During a week-long trip to the region, Mitchell is expected to tell Israeli and Palestinian officials that U.S. President Barack Obama's administration wants to focus on stabilizing the Israel-Gaza cease-fire, rebuilding the Gaza Strip, and countering arms smuggling into Gaza with the help of Israel, Egypt and the European Union.
National Union chairman Ya'akov Katz branded Mitchell's arrival in the Middle East as flagrant interference in Israel's upcoming general election, claiming that it would damage Kadima chairwoman and Foreign Minister Tzipi Livni.
"The voters will punish Kadima for its attempt to dictate to them who to choose," warned Katz, according to Army Radio.
Lawmakers in the Habayit Hayehudi party also lambasted Livni over Mitchell's visit, calling it a bid to save Israel's left-wing parties in the election.

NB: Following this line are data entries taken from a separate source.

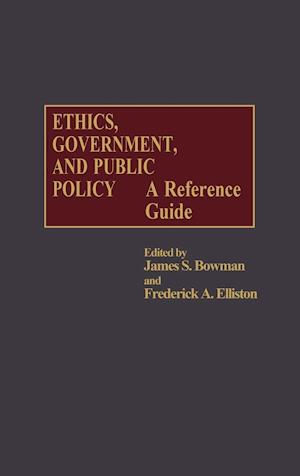 Ethics, Government, and Public Policy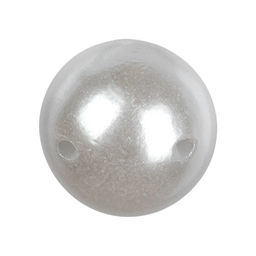 Бусина Zlatka пластик JJBH-02 12 мм 5 х 15 шт №01 Жемчужный  фото 3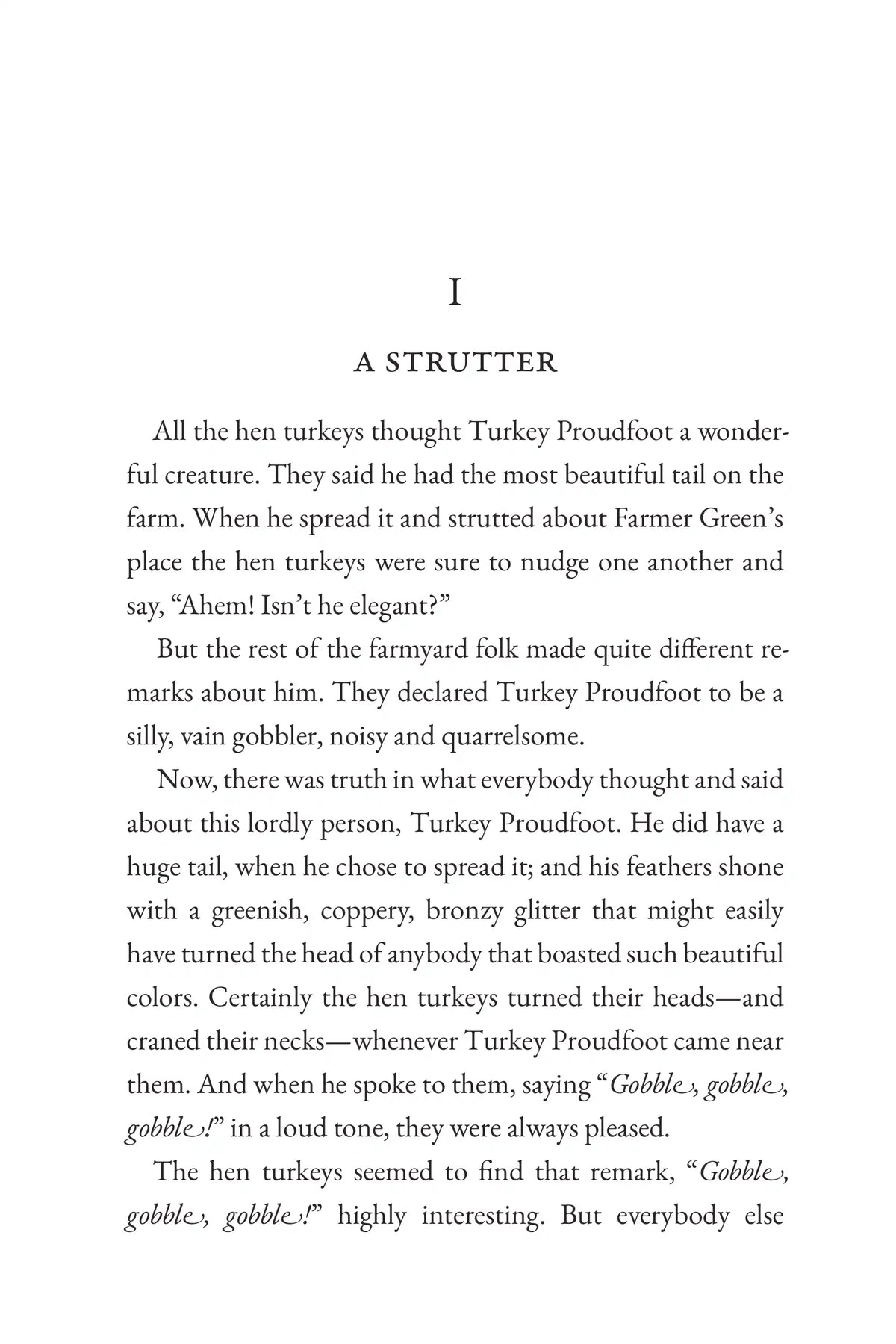 The Tale of Turkey Proudfoot — story page 1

Mitchell, a former U.S. senator, had had great success in brokering an agreement in Northern Ireland, and was dispatched to the Middle East in 2001 to pen a report on the outbreak of the second intifada. The document, dubbed the "Mitchell Report," included recommendations for confidence-building measures for each side. However ultimately both Israel and the Palestinians failed to implement these recommendations, and the report was subsequently shelved.